When it comes to carbon brake wear, the science is a little complex. The carbon brakes tend to wear less when the temperatures are significantly lower or when the temperatures are significantly higher. They wear more in mid-temperatures. Below is a graph produced by Airbus, which is plotted with brake wear against the temperature. It shows the brake wear trend of three brake manufacturers. Messier-Bugatti, Honeywell-ALS, and BF Goodrich. As can be seen in the graph, all brakes have a peak wear rate at middle temperatures.
However, it is not recommended to operate brakes at high temperatures to reduce wear as it reduces the efficiency of the brakes. When it is possible, particularly in long turnarounds, the pilots should try their best to lower the brake temperatures as operating them in very low temperatures helps to both save wear and increase their efficiency. Moreover, high temperatures lead to the oxidation of carbon. Carbon naturally combines with oxygen in the air to form carbon dioxide. Heat accentuates this process, and this leads to loss of carbon mass from the brakes, increasing brake wear.
As like before, proper piloting techniques can be used to reduce brake wear as well. The carbon brakes are very sensitive to the number of brake applications. So, during taxi, pilots should try their best to minimize brake applications. This can be done by applying brakes one single time until the speed is reduced to a lower level. Usually, airplanes take time to accelerate back to a higher speed with engines at idle. So, pilots can use this as an advantage if they want to slow down the aircraft during taxiing.

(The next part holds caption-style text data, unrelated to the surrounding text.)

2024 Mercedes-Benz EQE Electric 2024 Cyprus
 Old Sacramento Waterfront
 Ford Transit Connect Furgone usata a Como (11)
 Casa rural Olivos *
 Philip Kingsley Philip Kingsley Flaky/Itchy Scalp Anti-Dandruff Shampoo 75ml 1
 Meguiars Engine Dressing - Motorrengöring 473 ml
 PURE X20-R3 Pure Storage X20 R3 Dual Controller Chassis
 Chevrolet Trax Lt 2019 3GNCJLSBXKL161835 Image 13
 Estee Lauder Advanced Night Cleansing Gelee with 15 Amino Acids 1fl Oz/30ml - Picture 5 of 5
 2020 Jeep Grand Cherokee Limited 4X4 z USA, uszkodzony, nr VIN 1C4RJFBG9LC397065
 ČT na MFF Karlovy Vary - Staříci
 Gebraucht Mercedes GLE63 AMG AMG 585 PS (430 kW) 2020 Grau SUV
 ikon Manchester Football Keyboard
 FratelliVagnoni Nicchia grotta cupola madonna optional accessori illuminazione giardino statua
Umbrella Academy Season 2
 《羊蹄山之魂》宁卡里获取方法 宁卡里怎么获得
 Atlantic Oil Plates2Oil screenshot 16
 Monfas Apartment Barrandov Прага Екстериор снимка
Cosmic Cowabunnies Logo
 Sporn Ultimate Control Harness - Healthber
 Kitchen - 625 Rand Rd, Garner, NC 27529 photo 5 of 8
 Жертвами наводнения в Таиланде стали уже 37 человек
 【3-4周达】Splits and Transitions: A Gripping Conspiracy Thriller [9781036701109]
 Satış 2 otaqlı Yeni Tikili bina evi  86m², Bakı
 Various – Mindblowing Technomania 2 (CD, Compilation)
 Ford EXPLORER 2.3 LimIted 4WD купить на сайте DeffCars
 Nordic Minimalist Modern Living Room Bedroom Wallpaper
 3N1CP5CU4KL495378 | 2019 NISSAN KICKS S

Further, when conditions are right, a single-engine taxi can be performed. This reduces the amount of thrust generated by the aircraft, which in turn reduces the need for intermittent braking. One other way is to use autobrakes for landing. Autobrakes tend to use one brake application when they are active, and it simply modulates the brake pressure with that single application. As this reduces the number of brake applications, it reduces brake wear.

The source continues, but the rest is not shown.